Established | 1963 |
---|---|
Chancellor | Carla Caglioti |
Provost | Robert Reeves |
Students | 310 |
Location |
Southampton, New York 82 acres (330,000 m2) |
Colors | red,white |
Mascot | Wolfie |
Stony Brook Southampton is a campus location of the State University of New York at Stony Brook, located in Southampton, New York between the Shinnecock Indian Reservation and Shinnecock Hills Golf Club on the eastern end of Long Island.
Southampton College was founded in 1963 by Long Island University. It had its own station on the Long Island Rail Road until 1998 when the station was dismantled because it was lightly used.
From 1993, Robert F.X. Sillerman served as the Chancellor, replacing Angier Biddle Duke, ambassador to Spain under Lyndon Johnson. Sillerman took the job on two conditions: that the college scrap ill-defined liberal-arts programs and focus on marine science and creative writing, and that he lead publicity. He named Kermit the Frog as the 1996 commencement speaker: 31 newspapers picked up the story, a free marketing bonanza that raised the college's profile and drew hundreds of new admissions.
The refocusing on the marine science curriculum garnered the campus several accolades, including being named in 1998 as the Cousteau Society's sole North American Affiliate. In the course of the campus's tenure under Long Island University, it produced 34 Fulbright scholars, most of which hailed from the Marine Science program.

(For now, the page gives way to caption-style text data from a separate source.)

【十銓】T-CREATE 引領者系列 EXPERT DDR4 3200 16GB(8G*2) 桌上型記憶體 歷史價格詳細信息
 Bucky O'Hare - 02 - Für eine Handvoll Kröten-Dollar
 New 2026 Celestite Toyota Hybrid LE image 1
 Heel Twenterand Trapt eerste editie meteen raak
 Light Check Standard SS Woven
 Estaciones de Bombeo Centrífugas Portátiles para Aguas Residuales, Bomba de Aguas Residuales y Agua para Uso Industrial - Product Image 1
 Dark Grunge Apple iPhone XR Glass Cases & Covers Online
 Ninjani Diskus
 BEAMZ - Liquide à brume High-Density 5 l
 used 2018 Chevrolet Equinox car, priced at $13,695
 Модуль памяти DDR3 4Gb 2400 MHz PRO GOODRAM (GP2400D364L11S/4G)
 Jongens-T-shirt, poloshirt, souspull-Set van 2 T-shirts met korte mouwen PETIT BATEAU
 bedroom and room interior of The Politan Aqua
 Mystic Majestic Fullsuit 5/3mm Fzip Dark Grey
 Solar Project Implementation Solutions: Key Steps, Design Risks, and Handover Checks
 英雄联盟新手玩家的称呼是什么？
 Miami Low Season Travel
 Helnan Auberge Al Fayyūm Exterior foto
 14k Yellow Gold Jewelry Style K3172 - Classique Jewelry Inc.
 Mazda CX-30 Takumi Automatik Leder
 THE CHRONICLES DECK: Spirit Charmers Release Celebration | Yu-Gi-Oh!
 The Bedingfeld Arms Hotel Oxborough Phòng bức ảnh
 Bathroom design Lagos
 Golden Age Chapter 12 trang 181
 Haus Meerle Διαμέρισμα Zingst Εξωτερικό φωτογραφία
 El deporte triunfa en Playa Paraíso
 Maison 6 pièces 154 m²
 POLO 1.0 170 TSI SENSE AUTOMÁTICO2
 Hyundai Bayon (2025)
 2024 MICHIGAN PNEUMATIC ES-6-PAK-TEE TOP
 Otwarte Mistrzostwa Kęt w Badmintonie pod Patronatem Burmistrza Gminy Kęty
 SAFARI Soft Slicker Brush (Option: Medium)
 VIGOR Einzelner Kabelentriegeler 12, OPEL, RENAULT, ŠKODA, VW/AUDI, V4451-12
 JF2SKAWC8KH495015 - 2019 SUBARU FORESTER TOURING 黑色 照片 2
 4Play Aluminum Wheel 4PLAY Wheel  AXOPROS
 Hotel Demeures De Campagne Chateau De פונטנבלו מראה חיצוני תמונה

After many years of fiscal mismanagement, the University announced a multimillion-dollar capital campaign, launched a new interdisciplinary CORE curriculum and the construction of a new library (almost completed) to re-vamp the campus. After one year of a 10-year plan however, Long Island University officials ceased all plans and Long Island University decided to effectively close the campus. This forced most students to either move to University's Nassau County location, C.W. Post Campus or transfer elsewhere.